Start of Block

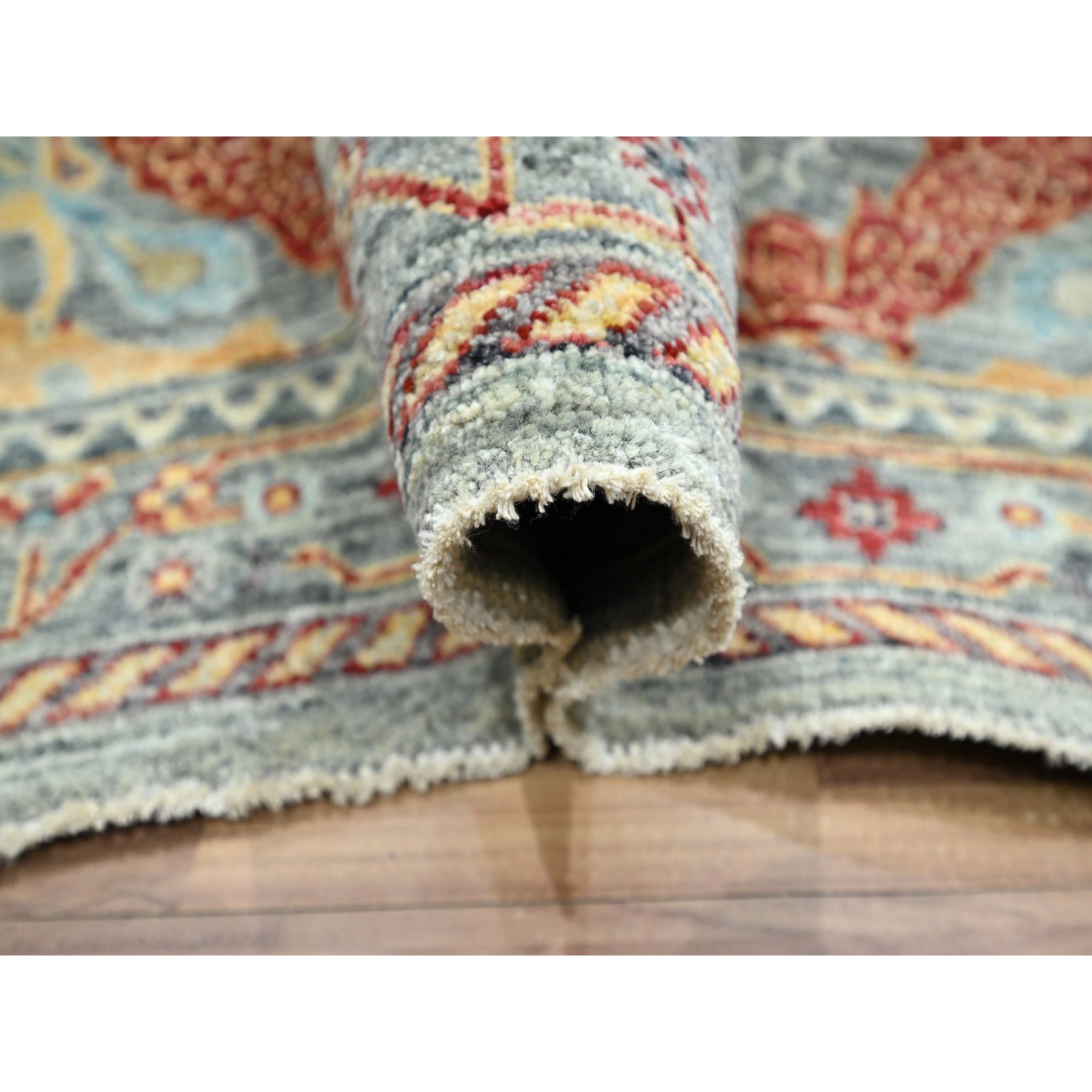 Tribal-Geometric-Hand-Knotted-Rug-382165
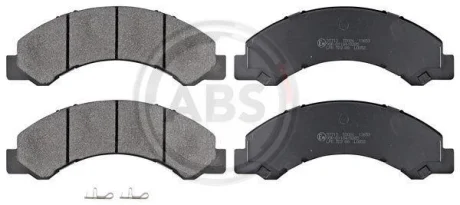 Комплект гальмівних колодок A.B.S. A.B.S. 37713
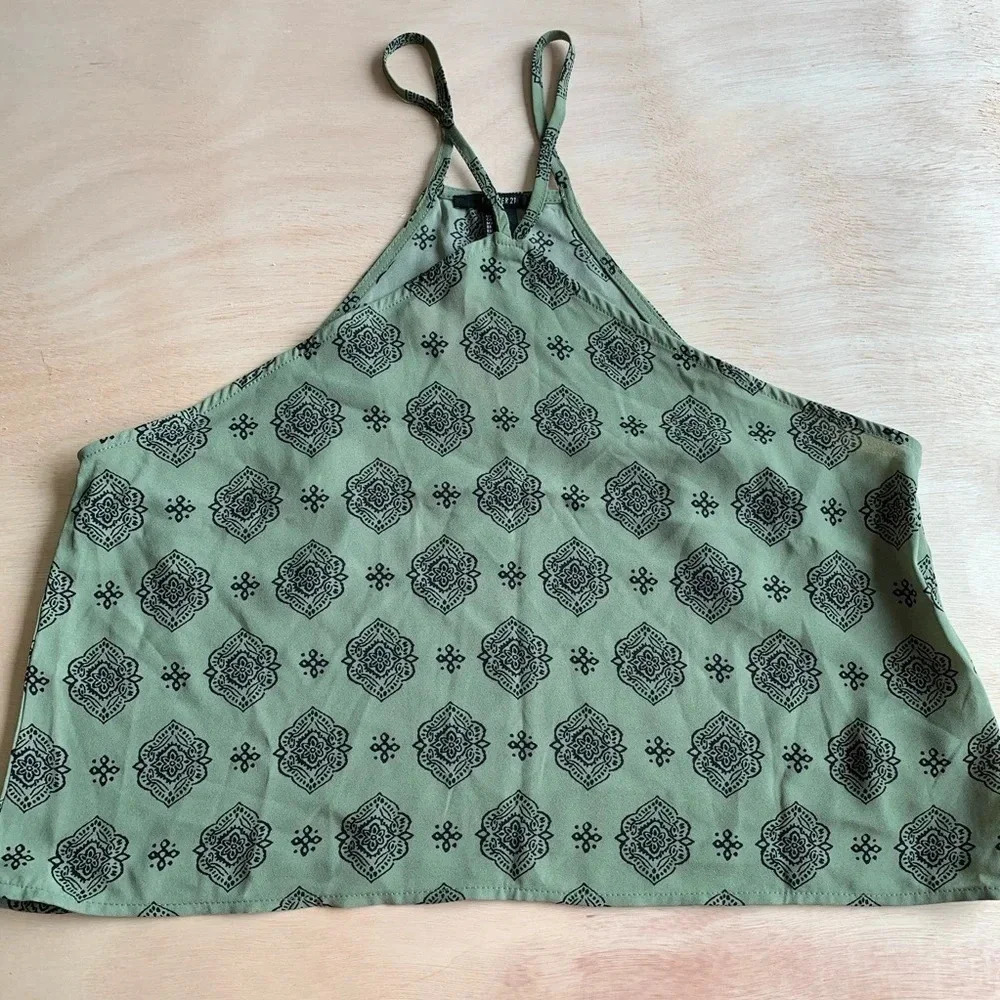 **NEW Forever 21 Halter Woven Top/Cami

End of Block

A word-for-word copy of the data above is needed, one that omits the pictures.

Solution to this problem:
 Tribal-Geometric-Hand-Knotted-Rug-382165
 Комплект гальмівних колодок A.B.S. A.B.S. 37713
 **NEW Forever 21 Halter Woven Top/Cami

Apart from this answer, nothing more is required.